Seu forçado sotaque italiano é outro ponto crucial para o humor encantar o espectador e fazer a trama ser ainda mais agradável. Shirley, no entanto, não ganha esse humor mais forte, até por sua personalidade e ideologia. Seus momentos engraçados se dão justamente pelas situações vividas com o companheiro. E essa relação, mesmo que aos poucos vá melhorando – devido a mudança de olhar de Mortensen sobre o músico – ela não é 100% realizada.

O que, particularmente, torna tudo mais real e interessante, afinal, anos de preconceito e visão sobre determinadas pessoas não mudam rapidamente em oito semanas. Essa escolha de Farrely não é tão clara em tela, até para manter seu final feliz de contos de fada, porém, só por ela estar presente de forma indireta, já deixa um tom real não tão explorado no resto do filme.

Longe do filme ser todo ficção, até pela presença clara do preconceito e momentos de pura ignorância. No entanto, da mesma forma que Bohemian Rhapsody (2018) diminui os pontos problemáticos de Freddie Mercury, Farrely também deixa o cenário mais leve e não mostra um preconceito mais duro, como é mostrado no já citado Infiltrado na Klan.

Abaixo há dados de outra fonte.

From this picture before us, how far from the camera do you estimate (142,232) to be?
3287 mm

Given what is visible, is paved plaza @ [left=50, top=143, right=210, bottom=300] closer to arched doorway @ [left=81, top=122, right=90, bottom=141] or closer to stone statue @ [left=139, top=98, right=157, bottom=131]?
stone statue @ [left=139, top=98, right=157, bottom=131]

A escolha funciona em grande parte da jornada, mas deixando resquícios de fraqueza em alguns pontos, como durante uma revelação importante sobre Shirley, mas que não ganha holofotes, sendo que, a revelação em si, mostra ainda mais da personalidade e das ideologias do personagem. Entretanto, é jogado fora, como se não tivesse acontecido.

Por isso, Green Book não se provou forte o suficiente como obra cinematográfica, apesar de todas as suas cinco indicações ao Oscar, mas sim, uma obra de personagens. A improvável dupla leva o filme nas costas e dão a verdadeira força que Green Book precisava ter – fazendo com que as indicações para Mortensen e Ali sejam perfeitamente justificáveis.

No fim, a proposta de leveza da trama não faz jus a difícil, mas ainda divertida, jornada de Tony Lip e Don Shirley. Ela funciona, mas está longe de tratar com fidelidade o preconceituoso Estados Unidos sulista dos anos 60, talvez pela falta de experiência de Farrely no gênero ou historicamente.